The electrochemical conversion of CO2 into carbon-based fuels and valuable feedstocks by renewable electricity is an attractive strategy for addressing CO2 abatement and renewable energy consumption, which is of great significance for achieving the goal of carbon neutralization.
CO is the important component of syngas (a mixture of CO and H2), which can be directly converted into various value-added chemicals via well-developed industrial processes such as Fischer-Tropsch synthesis, methanol synthesis, etc. Therefore, CO2 electroreduction to CO is considered one of the most promising routes to obtain cost-competitive products. However, highly efficient CO2 conversion with high space velocity under mild conditions remains a challenge.
Motivated by such challenge, a research team led by Prof. WEI Wei and CHEN Wei reported a hierarchical micro/nanostructured silver hollow fiber electrode that reduces CO2 to CO with CO2 conversions exceeding 54% at a high space velocity of 31,000 mL · gcat-1 · h-1 under ambient conditions, maintaining stable large current densities (~1.26 A·cm-2) and high CO faradaic efficiencies (~93%). The results were published in the latest Nature Communications.
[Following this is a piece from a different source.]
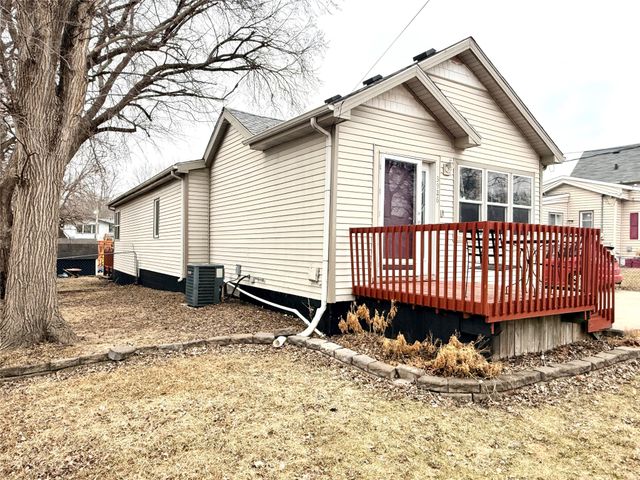 3926 E 27th Street, Des Moines, IA 50317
The reported hollow fiber electrode with hierarchical micro/nanostructures composed of only metallic silver (Ag) for electroreducing CO2 to CO. Such a porous hollow-fiber Ag electrode acting as a CO2 disperser not only enhances three-phase interface reactions but also guides mass transfers during electrolysis. Electrochemical results and time-resolved operando Raman spectra demonstrate that enhanced three-phase interface reactions and oriented mass transfers synergistically boost CO production.
This result provides new opportunities for heightening three-phase interface reactions and mass transfer kinetics simultaneously. In addition, it demonstrates that activated Ag HF can be an ideal industrial electrode with excellent durability, representing an encouraging headway in CO2 electroreduction that may lead to scalable applications.
Source:
Shanghai Advanced Research Institute, press release, 2022-06-02.